__ASSIGNMENT__: Skipping all pictures, print exactly the lines below from the one with "Thumbnail - Tommy Hilfiger Rugbyshirt weiss" through the final line.

__INFORMATION SHOWN__:

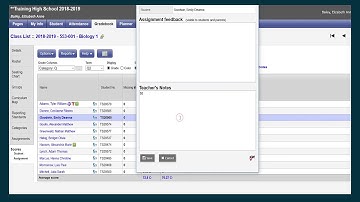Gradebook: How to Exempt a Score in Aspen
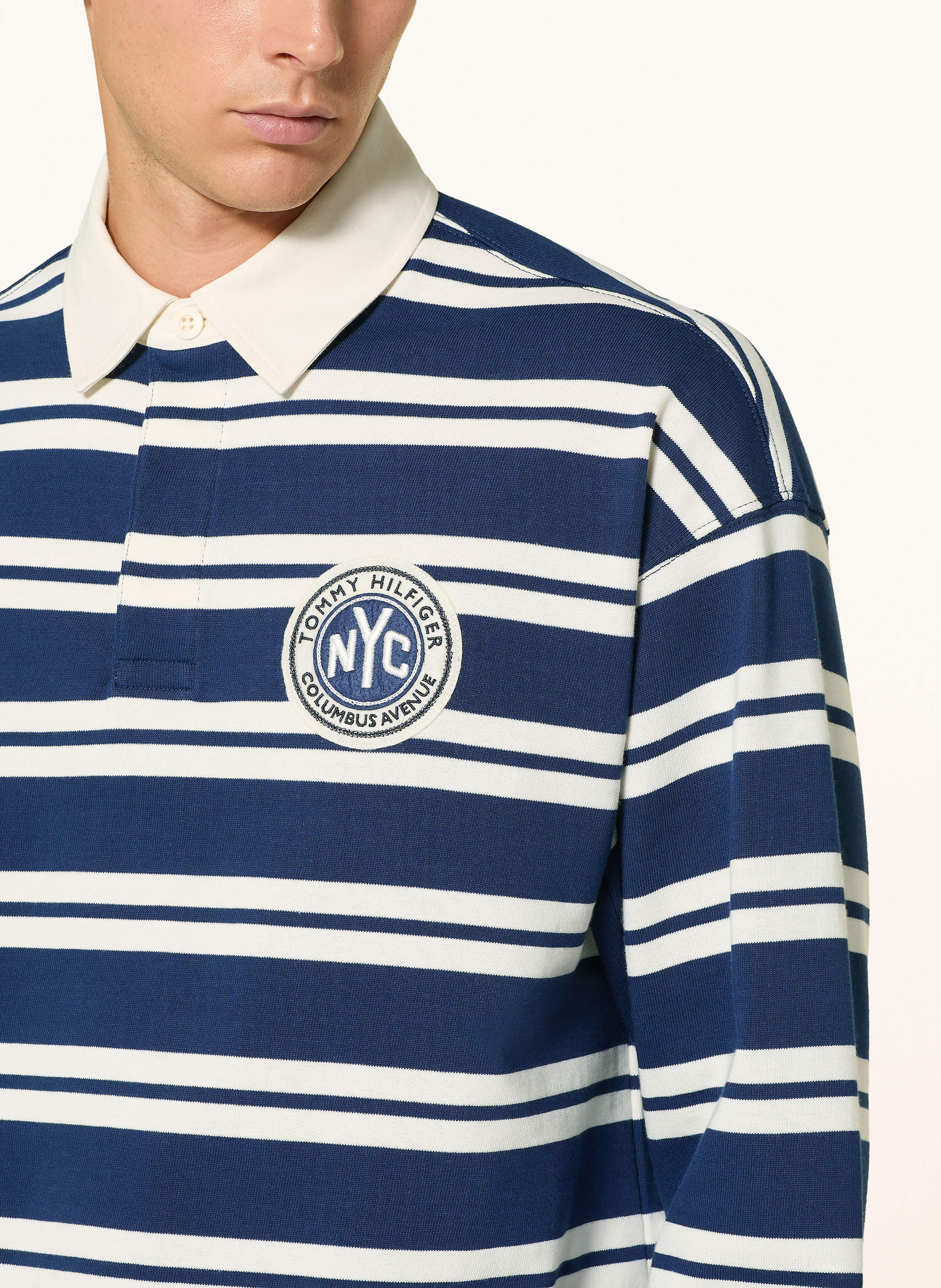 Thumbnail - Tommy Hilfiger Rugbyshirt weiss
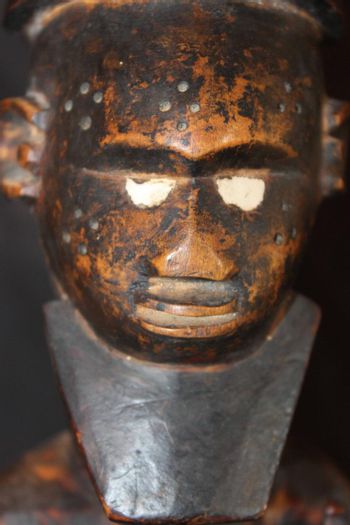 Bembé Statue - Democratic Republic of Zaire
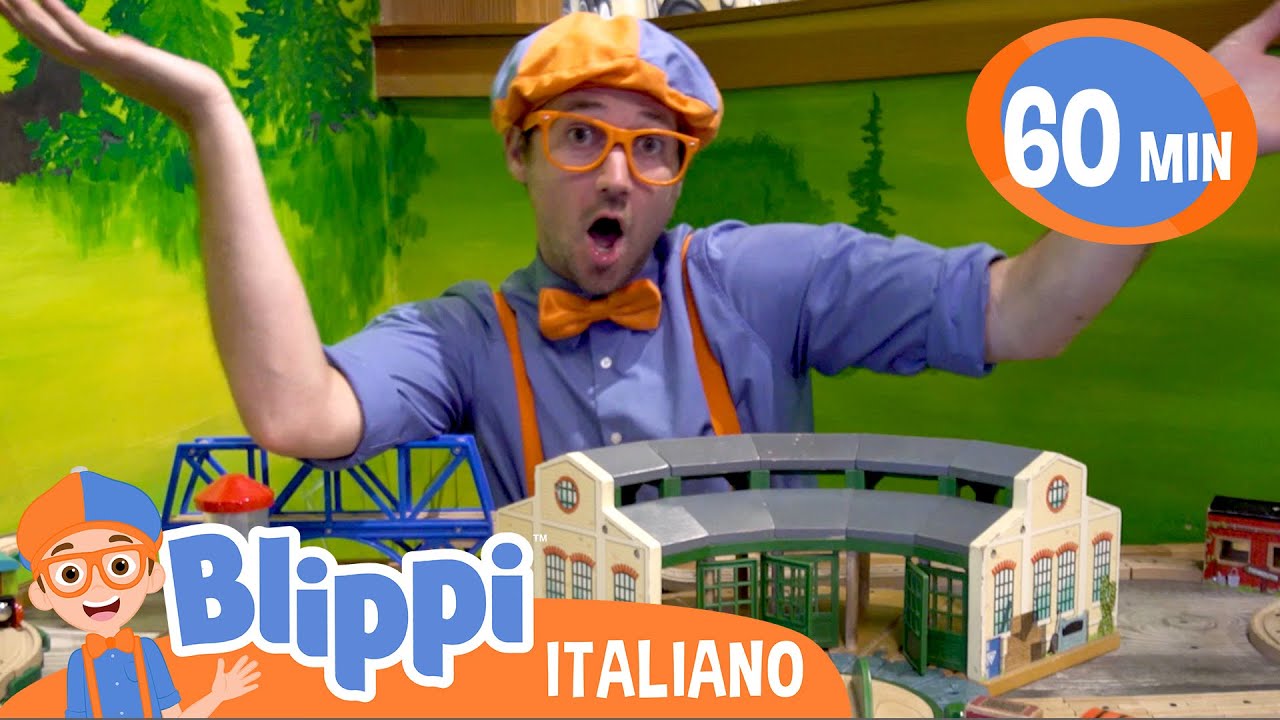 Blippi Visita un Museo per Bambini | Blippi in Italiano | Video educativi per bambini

__ANSWER FOR THIS EXERCISE__:
 Thumbnail - Tommy Hilfiger Rugbyshirt weiss
 Bembé Statue - Democratic Republic of Zaire
 Blippi Visita un Museo per Bambini | Blippi in Italiano | Video educativi per bambini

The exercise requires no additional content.